**** Records to process

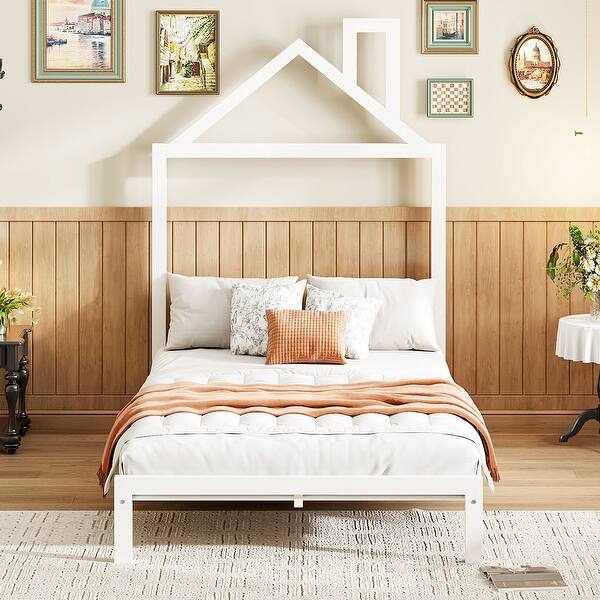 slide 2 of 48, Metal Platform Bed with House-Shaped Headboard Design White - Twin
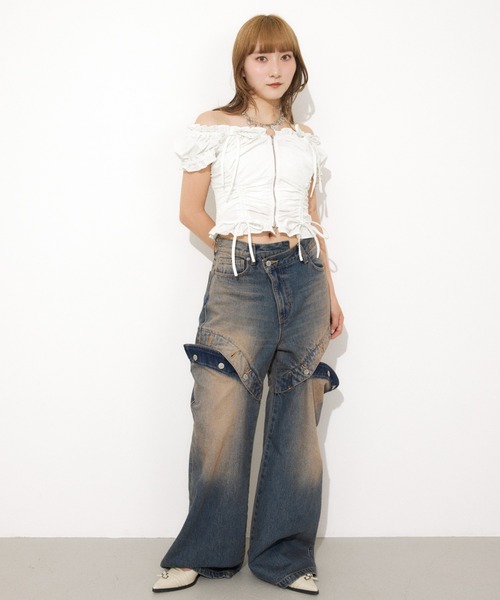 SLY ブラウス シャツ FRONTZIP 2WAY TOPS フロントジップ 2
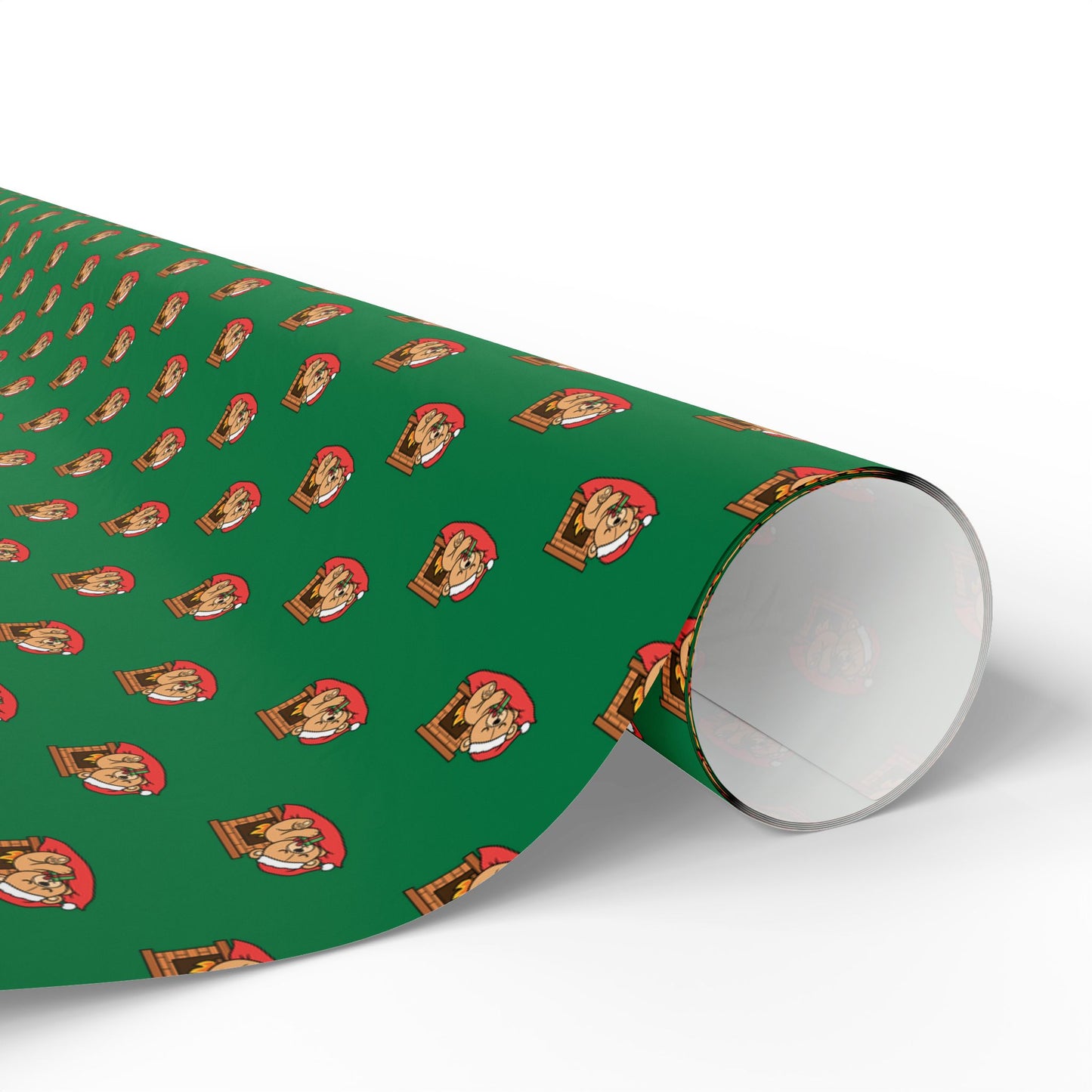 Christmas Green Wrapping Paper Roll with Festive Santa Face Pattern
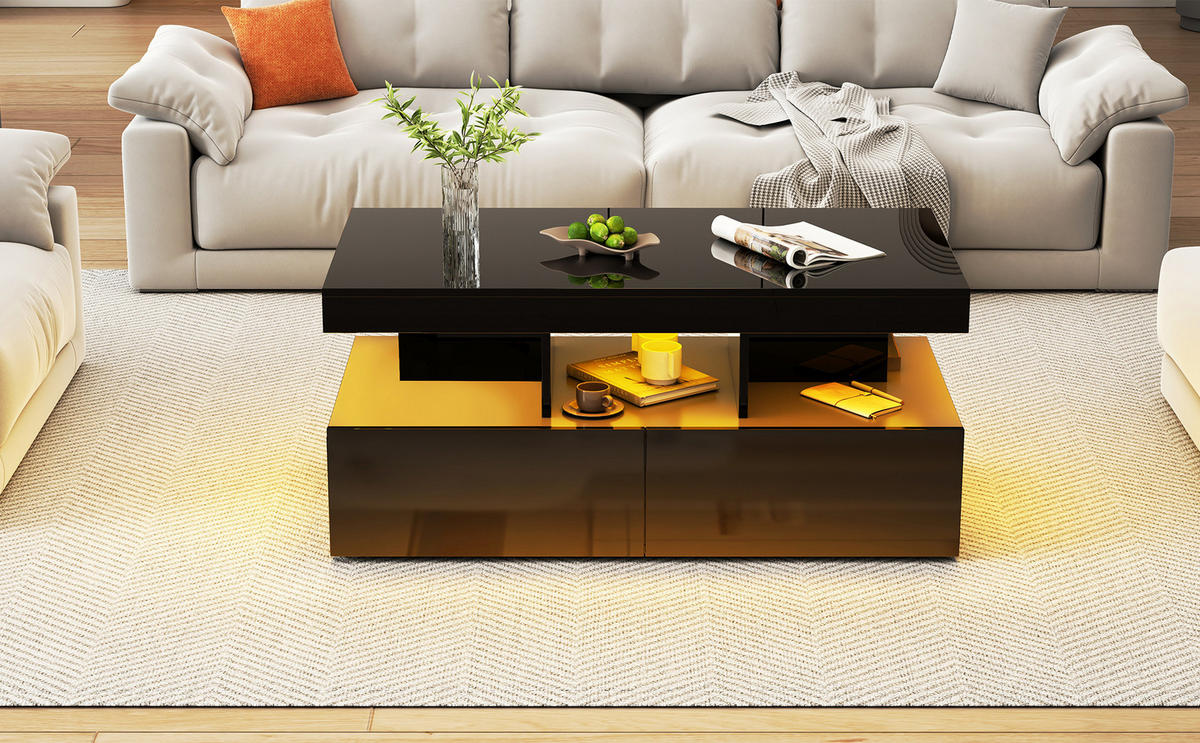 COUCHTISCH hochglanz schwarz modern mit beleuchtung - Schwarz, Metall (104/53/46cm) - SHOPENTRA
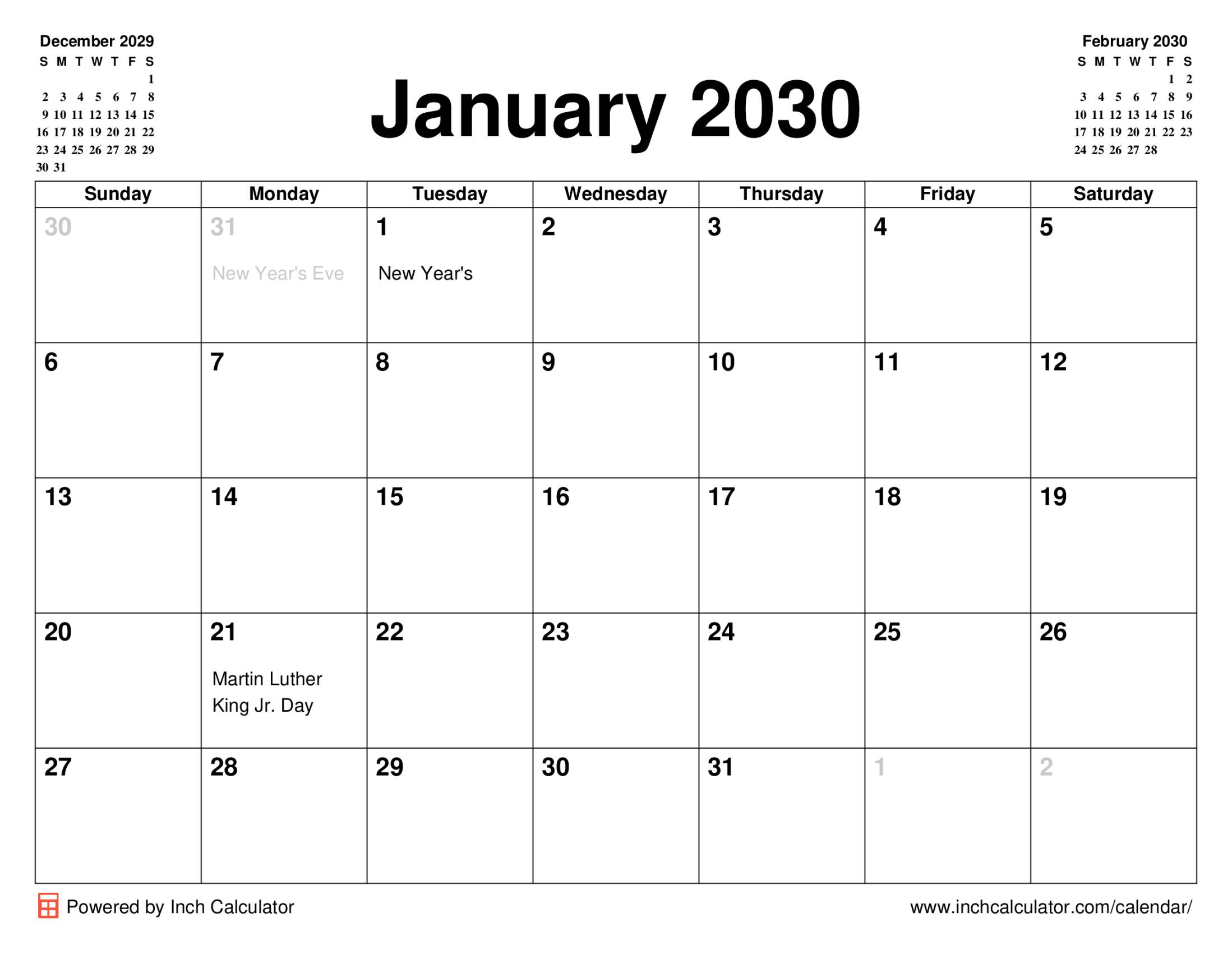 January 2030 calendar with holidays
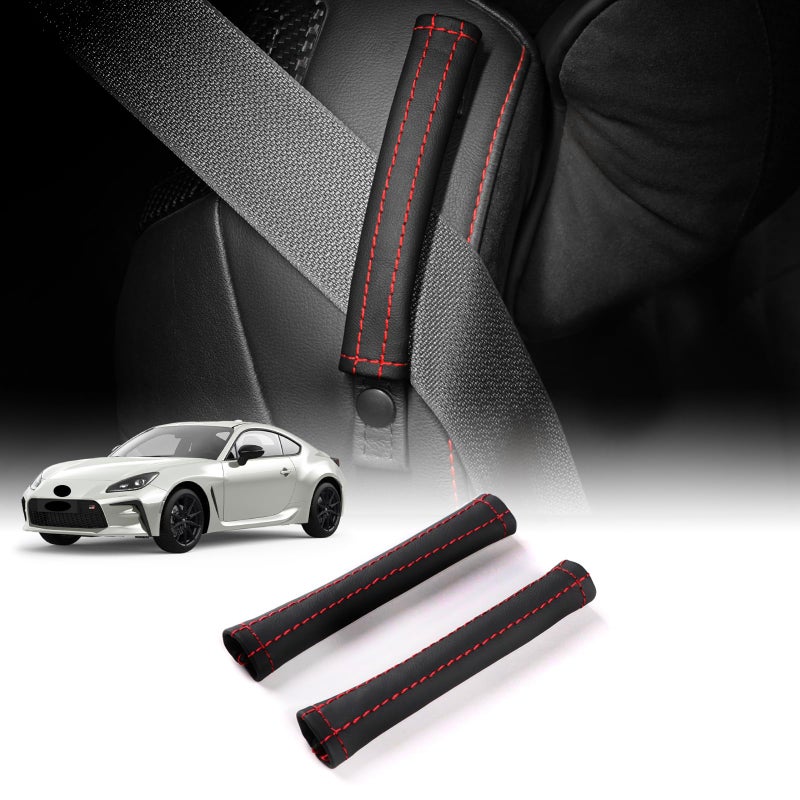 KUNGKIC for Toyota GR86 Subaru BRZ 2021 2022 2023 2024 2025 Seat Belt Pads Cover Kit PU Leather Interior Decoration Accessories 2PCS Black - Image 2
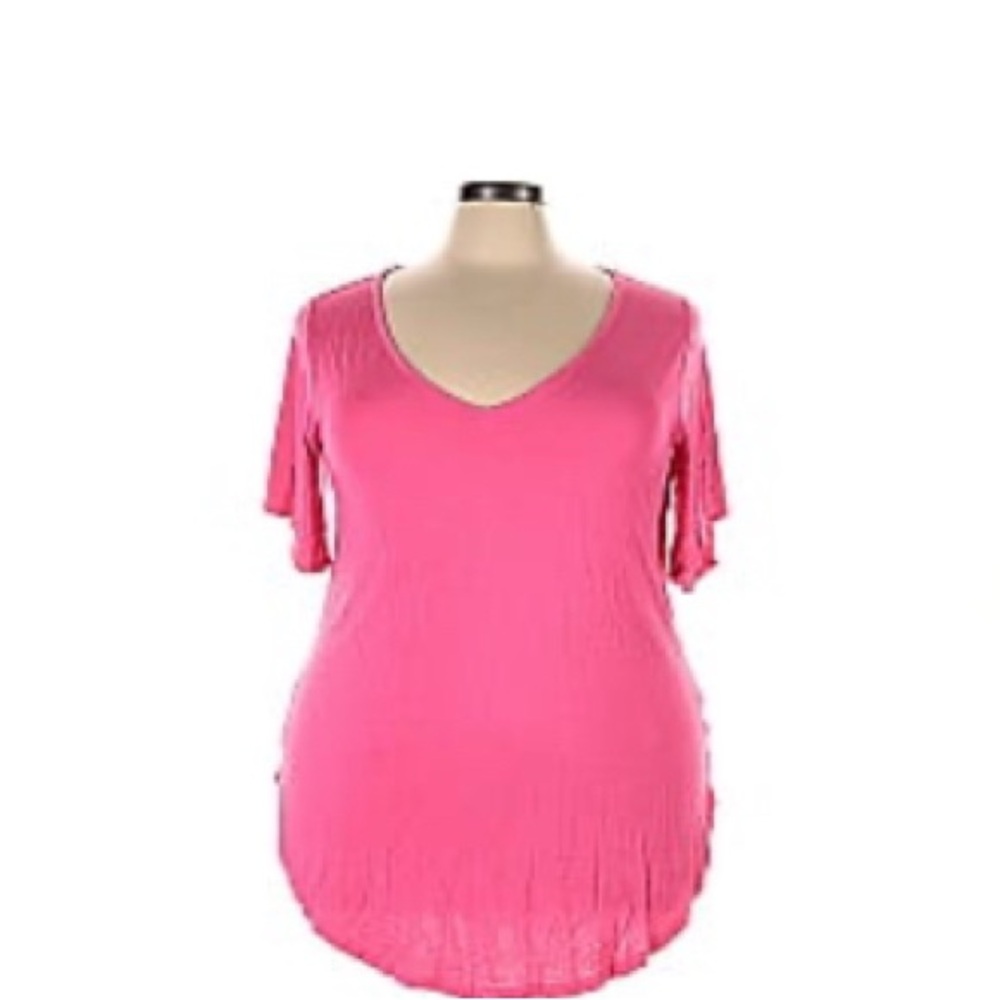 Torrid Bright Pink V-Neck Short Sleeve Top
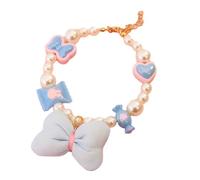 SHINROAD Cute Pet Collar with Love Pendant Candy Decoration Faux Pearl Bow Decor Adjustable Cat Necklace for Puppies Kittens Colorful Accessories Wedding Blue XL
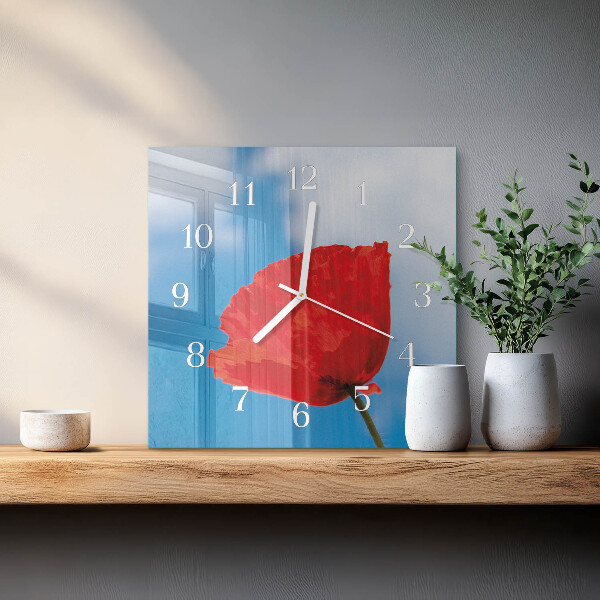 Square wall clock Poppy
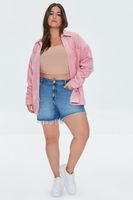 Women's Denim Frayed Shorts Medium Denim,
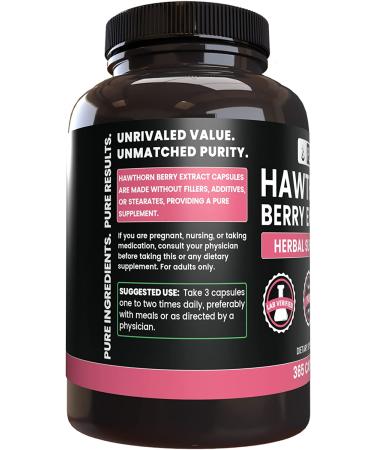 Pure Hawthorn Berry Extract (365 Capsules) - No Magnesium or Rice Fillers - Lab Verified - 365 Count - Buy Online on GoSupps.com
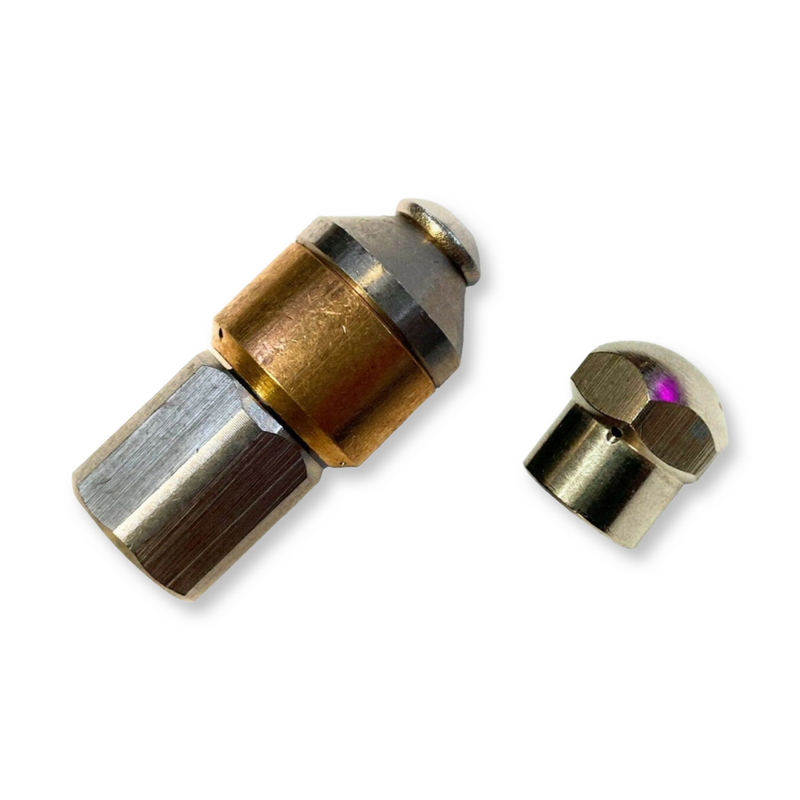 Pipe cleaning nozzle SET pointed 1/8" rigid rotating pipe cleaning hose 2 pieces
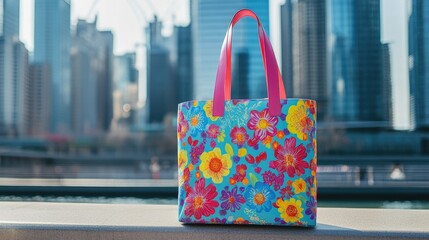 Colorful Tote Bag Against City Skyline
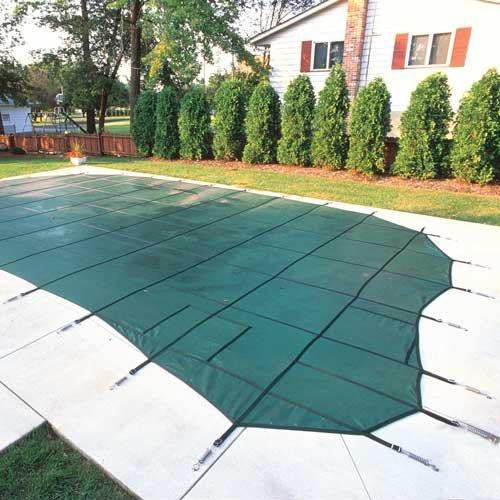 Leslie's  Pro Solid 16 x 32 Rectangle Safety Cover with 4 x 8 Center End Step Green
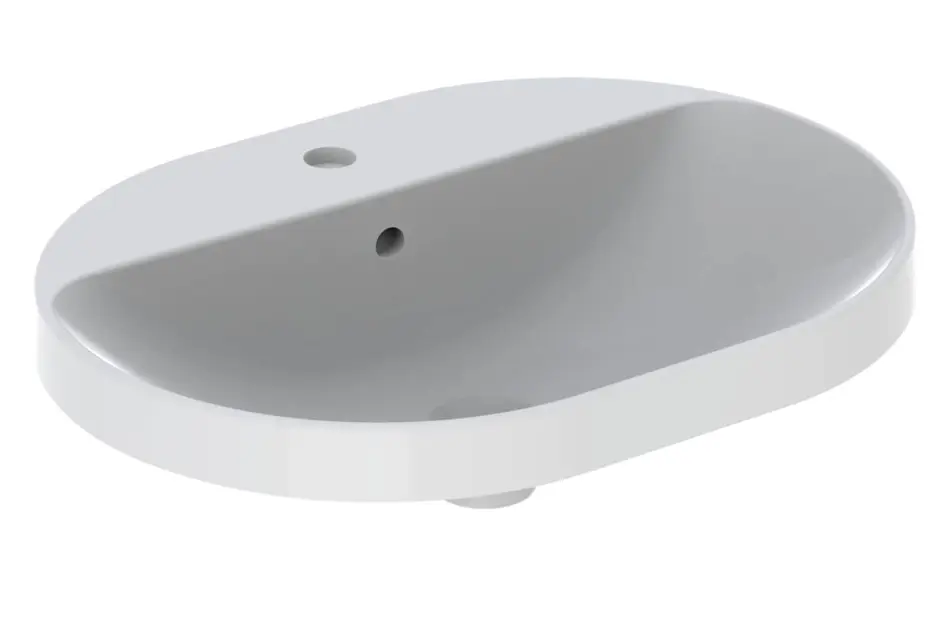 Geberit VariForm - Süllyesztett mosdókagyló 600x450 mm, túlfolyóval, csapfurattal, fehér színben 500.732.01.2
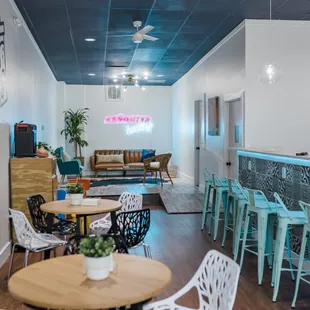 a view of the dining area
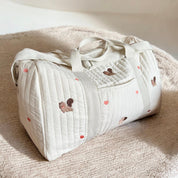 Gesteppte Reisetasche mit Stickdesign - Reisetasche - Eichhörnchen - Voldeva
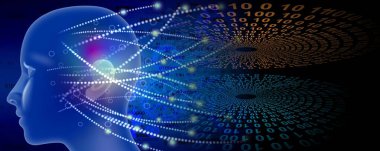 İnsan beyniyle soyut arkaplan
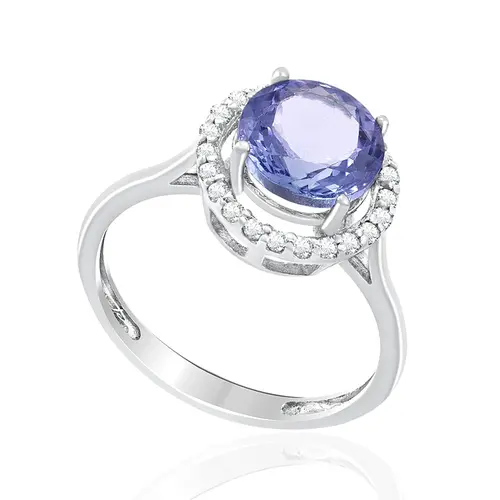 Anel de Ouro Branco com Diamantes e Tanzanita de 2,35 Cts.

********

**Task to carry out**
Give again the lines of the listing above that run from the one with "KUNGKIC for Toyota" up to and including the one with "a view of the dining area". Keep them exact and omit the pictures.

**Response for this exercise**
 KUNGKIC for Toyota GR86 Subaru BRZ 2021 2022 2023 2024 2025 Seat Belt Pads Cover Kit PU Leather Interior Decoration Accessories 2PCS Black - Image 2
 Torrid Bright Pink V-Neck Short Sleeve Top
 SHINROAD Cute Pet Collar with Love Pendant Candy Decoration Faux Pearl Bow Decor Adjustable Cat Necklace for Puppies Kittens Colorful Accessories Wedding Blue XL
 Square wall clock Poppy
 Women's Denim Frayed Shorts Medium Denim,
 Pure Hawthorn Berry Extract (365 Capsules) - No Magnesium or Rice Fillers - Lab Verified - 365 Count - Buy Online on GoSupps.com
 Pipe cleaning nozzle SET pointed 1/8" rigid rotating pipe cleaning hose 2 pieces
 Colorful Tote Bag Against City Skyline
 Leslie's  Pro Solid 16 x 32 Rectangle Safety Cover with 4 x 8 Center End Step Green
 Geberit VariForm - Süllyesztett mosdókagyló 600x450 mm, túlfolyóval, csapfurattal, fehér színben 500.732.01.2
 a view of the dining area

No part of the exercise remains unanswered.